In addition to following REST principles, you’ll run into some of the same concepts others have already solved. You may have reasons to implement some of these patterns differently. In all other cases, look to these best practices for approaching your API design.

Sorting can be an expensive operation for your database, but it’s one your API consumers will likely need to access. At a minimum, choose a default sort order for results (most recent first is a good choice) and be consistent with your endpoints.

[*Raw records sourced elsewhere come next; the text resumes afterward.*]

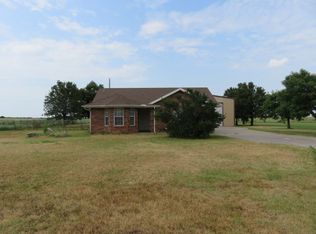302 Riverside Dr, Byers, TX 76357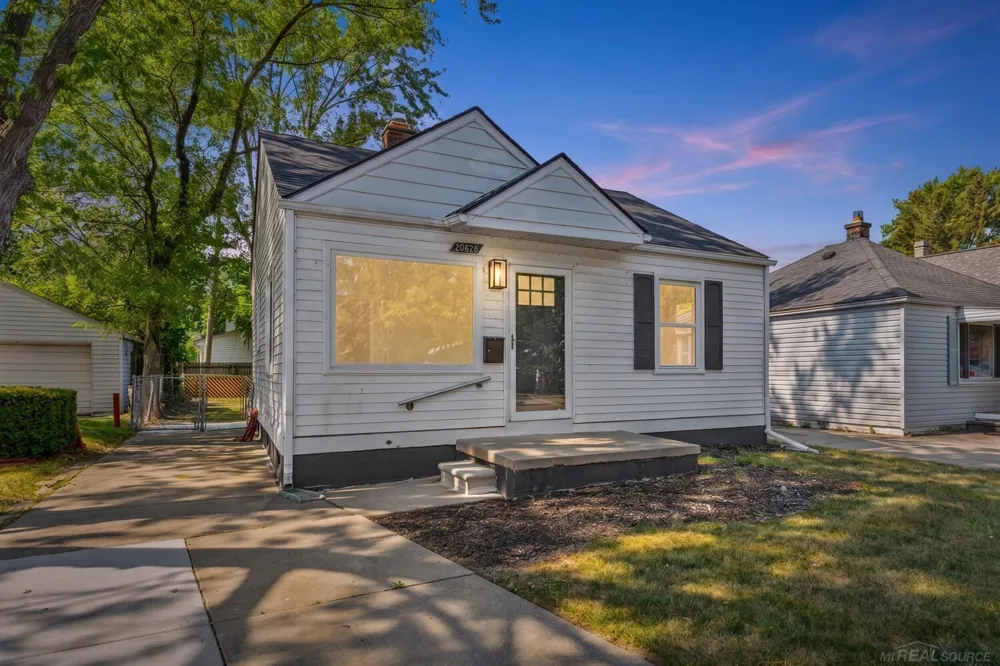 20626 Ridgemont Road Harper Woods City, MI 48225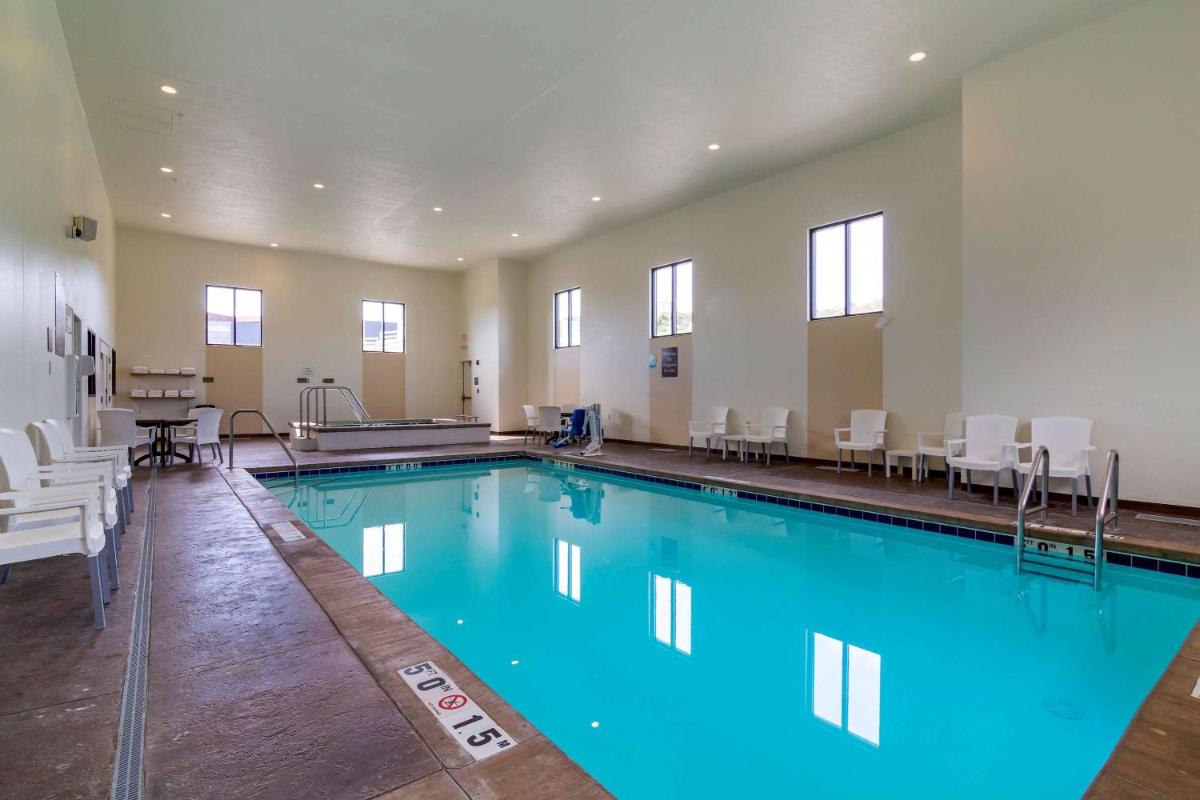 Comfort Inn & Suites Mandan - Bismarck - Housity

Remember that your API does not have to open up your entire database to consumers. In fact, it shouldn’t. You can choose the fields to enable with sorting and work to make those operations efficient. Use a query string parameter of sort with potential values matching the field names that are returned in your response. For example: sort=date_added

Another useful option for sorting is whether you want results ascending or descending. In the case of a single sorted field, use a second query string parameter of order to choose sort direction. If you have multiple sort fields, you’re better off using a single parameter with SQL syntax for sorting: sort=date_added DESC, name ASC

Paging through results is something you’ll need if you have a lot of data. Returning thousands of results in a single API call causes high latency for consumers and can cause issues for your systems. Instead, choose a default page size such as 250, 100, 50, or 10. Then allow consumers to adjust the page size (below a reasonable maximum) and request specific pages of results.

Commonly, you’ll see page used as a query string parameter for the page number (starting at 1) and limit for the page size. Include the current page and the total pages (or total results) near the top of the response. This enables the consumer to track their current location and know what to retrieve next. Even better, include Hypermedia links (see below) to other pages of results.

If your data changes quickly, consumers might miss some results. You might consider some alternatives, such as cursor-based paging, timestamps, or streaming.

Filtering is another useful way for API consumers to control their results. In this case, you can restrict based on values in the results. While this is typically an easier query for your database, you still can control which fields to enable for filtering. With simple filter implementations, you can use one or two query string parameters for each field. For example, city=Austin would find all records where the city field is Austin. To look up ranges, use multiple parameters, such as date_before=2010-01-01&date_after=1999-12-31.

More advanced filtering will require a different approach. You can use standard search schemas, or explore other technologies like GraphQL.

Hypermedia links help show the API consumer what else is available, allowing them to “browse” your API. These are included near the top of your results, or in the relevant object within your results. Links are wrapped in a links or _links object. For example, if your API results include abbreviated versions of objects (such as contacts), you can include a link to the complete version of each contact. Links always include the full URL to the API call.

A common usage of hypermedia is paging through results. At a minimum, supply the full URL to the API call for the next page of results. The consumer—human or machine—can easily follow the link to get the results when needed. Other links to include: previous page (prev), first, and last. You can find more details in RFC 8288, which describes Web Linking.